ASSIGNMENT
The lines to repeat are those below from the one containing "2017 Porsche Macan" down to the one containing "竖图,俯视,室外,夜晚,长时", both included; reproduce them exactly and nothing else.

SUPPLIED ENTRIES
----------------------------------------

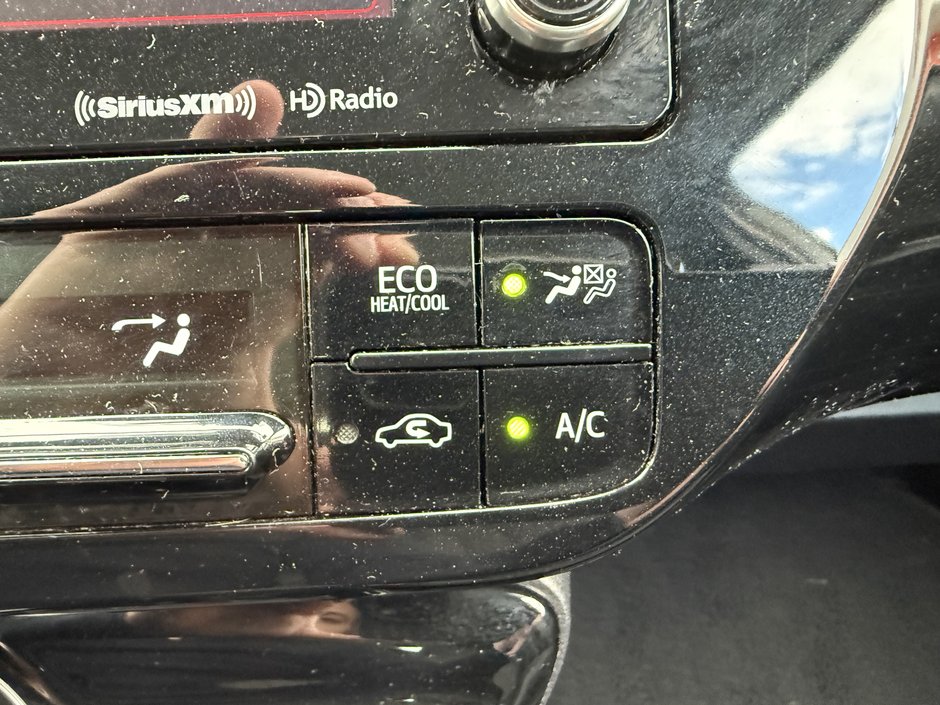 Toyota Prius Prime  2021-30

----------------------------------------

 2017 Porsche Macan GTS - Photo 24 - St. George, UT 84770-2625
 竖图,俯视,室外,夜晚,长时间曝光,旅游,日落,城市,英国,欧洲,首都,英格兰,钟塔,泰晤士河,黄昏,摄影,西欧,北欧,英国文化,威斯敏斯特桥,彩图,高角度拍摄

----------------------------------------

RESPONSE TO THE EXERCISE
 2017 Porsche Macan GTS - Photo 24 - St. George, UT 84770-2625
 竖图,俯视,室外,夜晚,长时间曝光,旅游,日落,城市,英国,欧洲,首都,英格兰,钟塔,泰晤士河,黄昏,摄影,西欧,北欧,英国文化,威斯敏斯特桥,彩图,高角度拍摄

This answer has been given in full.